● SUPPLIED RECORDS
□ □ □
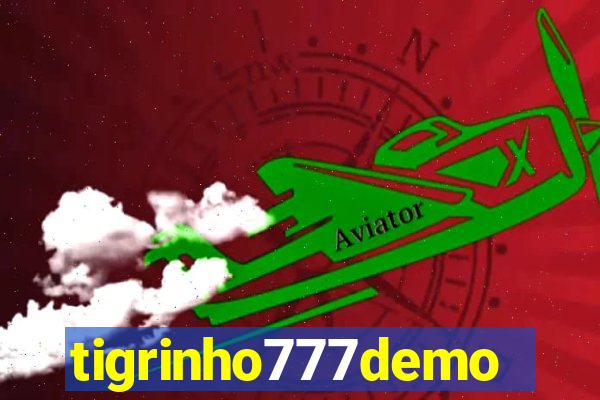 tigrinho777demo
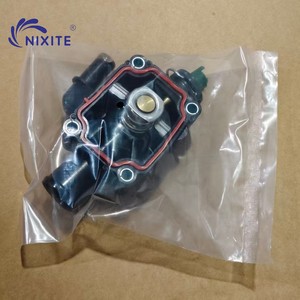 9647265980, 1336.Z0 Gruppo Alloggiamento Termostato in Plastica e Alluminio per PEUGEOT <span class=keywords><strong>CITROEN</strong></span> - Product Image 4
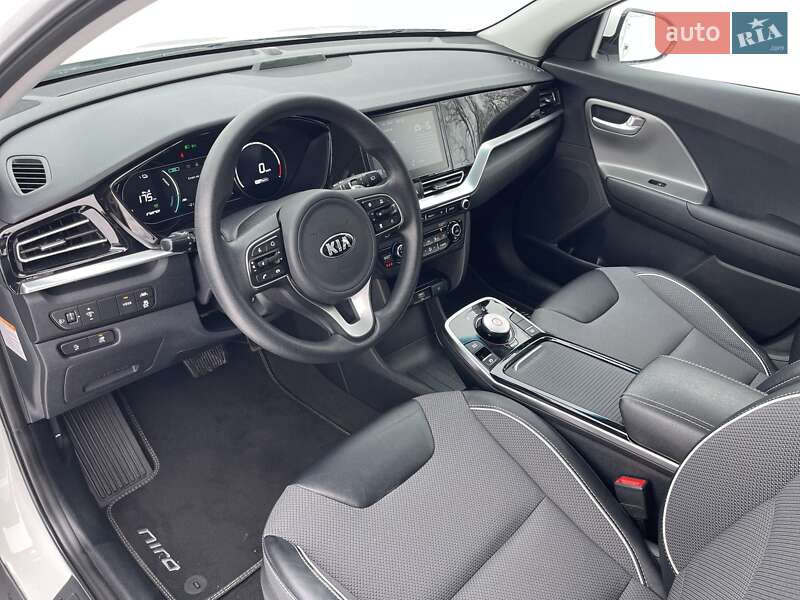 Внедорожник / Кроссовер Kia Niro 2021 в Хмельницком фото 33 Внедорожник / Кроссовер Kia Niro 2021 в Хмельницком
□ □ □
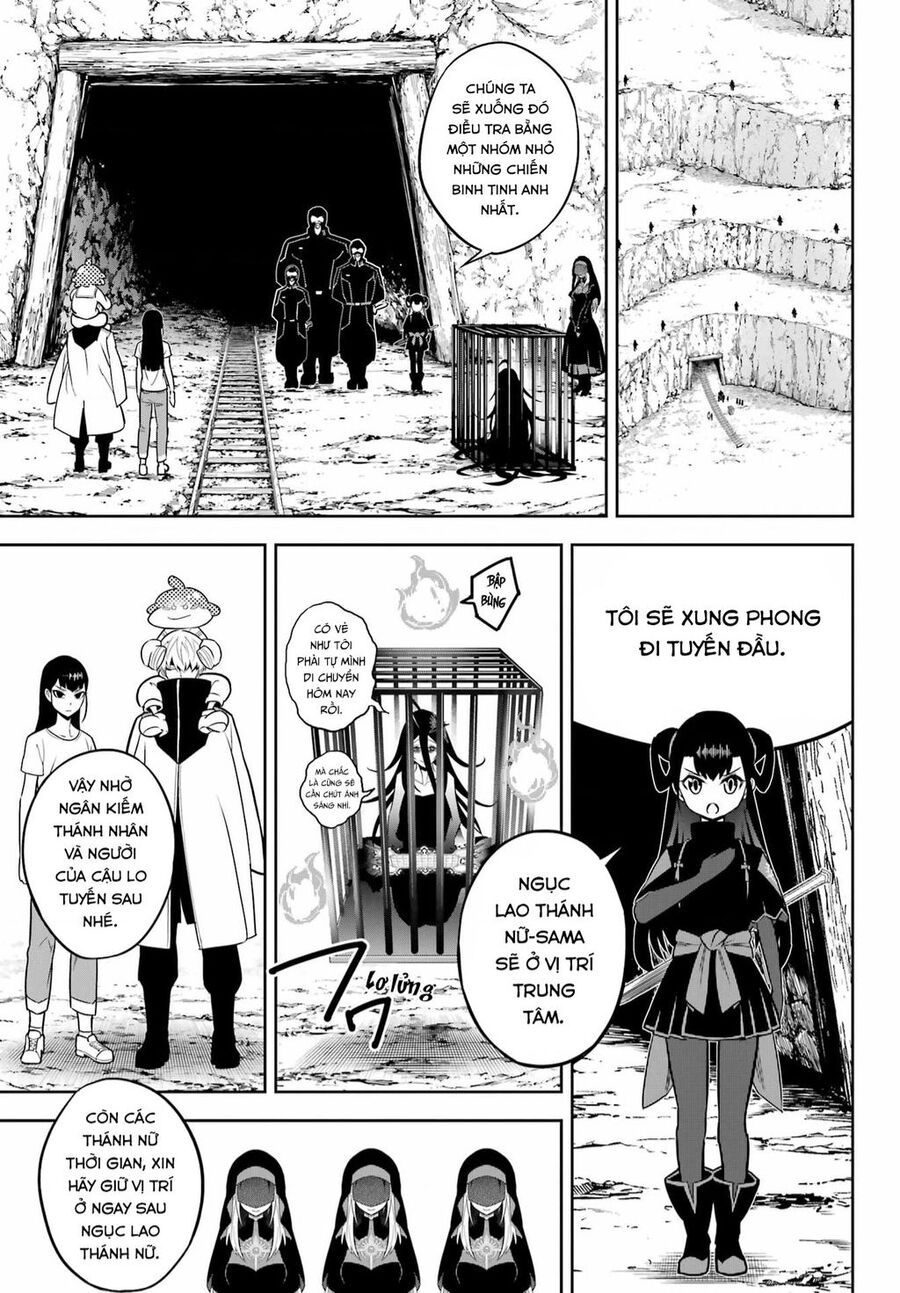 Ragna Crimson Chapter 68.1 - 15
□ □ □
● REQUIREMENT
Going by the data above, give back only the lines from the one containing "tigrinho777demo" through the one containing "9647265980, 1336.Z0 Gruppo", exactly as they stand, both ends included and no images.

● WORKED SOLUTION
 tigrinho777demo
 9647265980, 1336.Z0 Gruppo Alloggiamento Termostato in Plastica e Alluminio per PEUGEOT <span class=keywords><strong>CITROEN</strong></span> - Product Image 4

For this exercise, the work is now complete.